JulesKouatchou commented 4 years ago

ctm_setup:

New setting of environment variables (SETENV.commands) for the use of MPT

ctm_run.j:

The @SETENVS tag was placed before the MPI run command is issued.
Checked the exist status of the executable using the EGRESS file.

mmanyin commented 4 years ago

@mathomp4 There was a build error; "No configuration was found in your project. Please refer to https://circleci.com/docs/2.0/ to get started with your configuration." Is the CI stuff working properly for CTM ? thanks

mmanyin commented 4 years ago

@JulesKouatchou Do I understand correctly, you have changed the run-time environment variables to be appropriate for using MPT? How do we compile w/ MPT? I thought that the default was to compile with Intel-MPI.

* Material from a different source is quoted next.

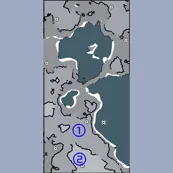 地图缩略图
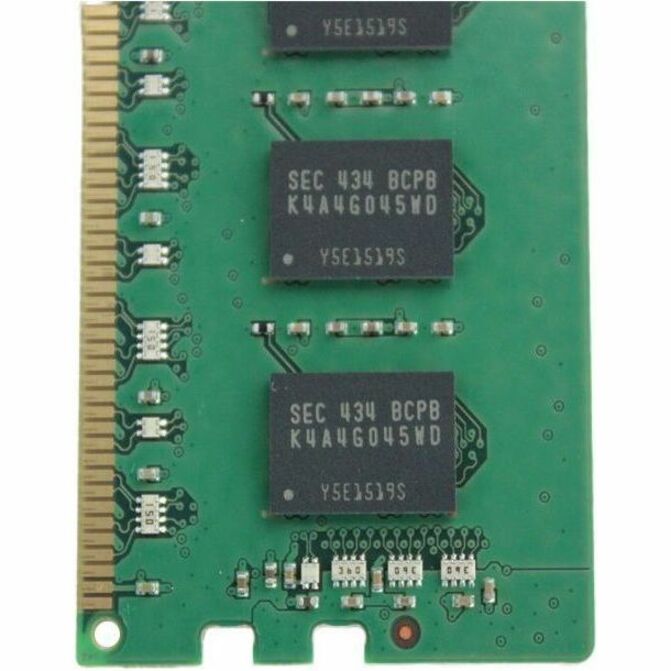 LENOVO 8GB (1X8GB) DDR4-2133MHZ RDIMM MEMORY DIMM - Thumbnail 3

mathomp4 commented 4 years ago

@mathomp4 There was a build error; "No configuration was found in your project. Please refer to https://circleci.com/docs/2.0/ to get started with your configuration." Is the CI stuff working properly for CTM ? thanks

@mmanyin Until #23 is merged in, there is no way for CircleCI to find a configuration since it only exists on a branch, not master. I had set up CircleCI to follow GEOSctm thinking the config file would get it. Since it might be a while, would you like me to turn off CircleCI following GEOSctm?

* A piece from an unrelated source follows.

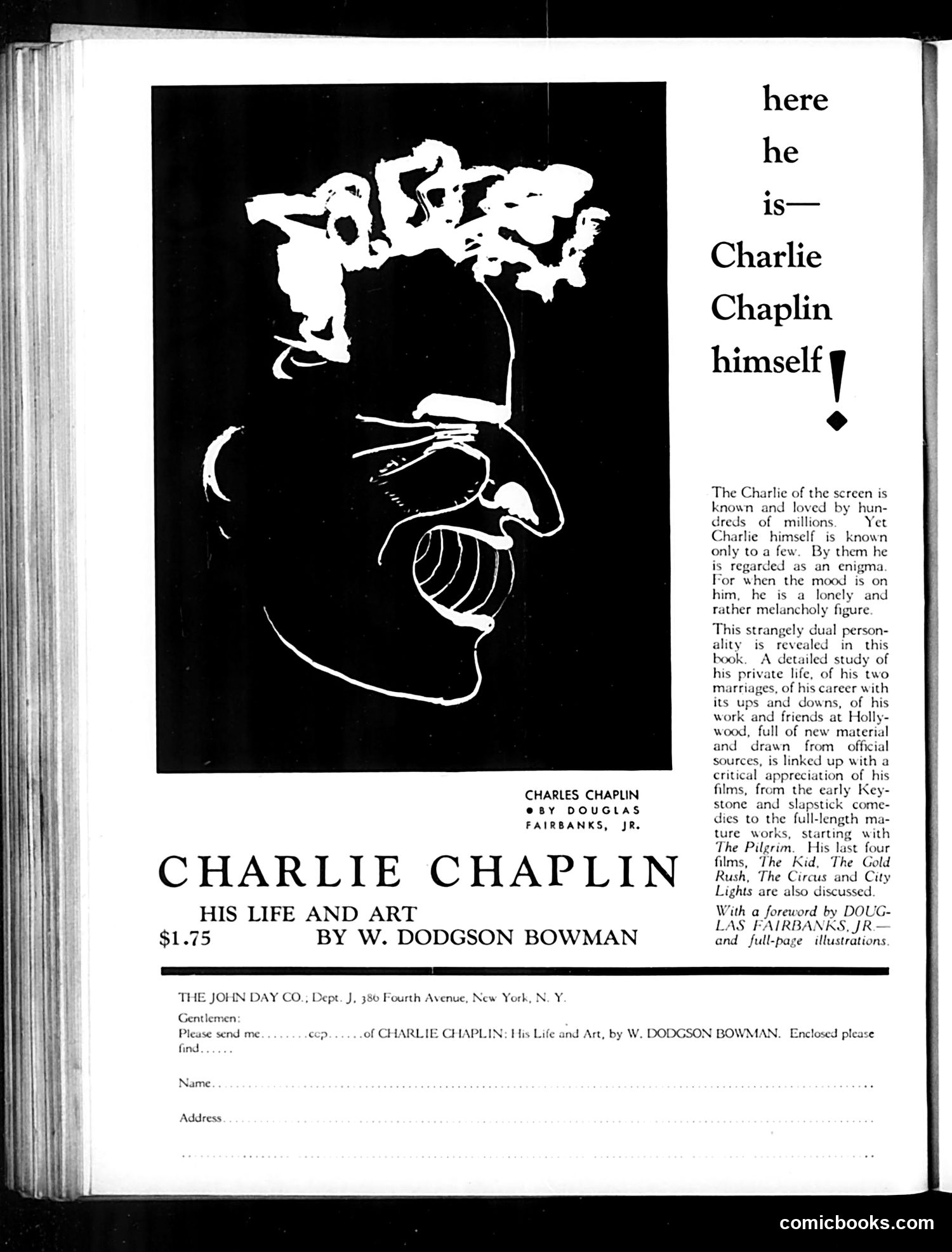 Judge — September 5, 1931 — page 2 of 36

mmanyin commented 4 years ago

@mathomp4 There was a build error; "No configuration was found in your project. Please refer to https://circleci.com/docs/2.0/ to get started with your configuration." Is the CI stuff working properly for CTM ? thanks

@mmanyin Until #23 is merged in, there is no way for CircleCI to find a configuration since it only exists on a branch, not master. I had set up CircleCI to follow GEOSctm thinking the config file would get it. Since it might be a while, would you like me to turn off CircleCI following GEOSctm?

Actually I will go ahead with #23 . Sorry for the confusion!

mathomp4 commented 4 years ago

Well, that was unexpected.

@JulesKouatchou When you have a chance can you do a fresh clone of GEOSctm and then a fresh checkout of your branch, and then try running with MPT?

I just did a "resolve conflict" for your branch (so it could merge in) and, weirdly, Git seems to say now that the ctm_setup now isn't "new". I mean, it seems to have all the right bits for MAPL 2 on MPT, but...weird.

On the plus side, @mmanyin, it looks like that "resolve conflict" is letting CircleCI run!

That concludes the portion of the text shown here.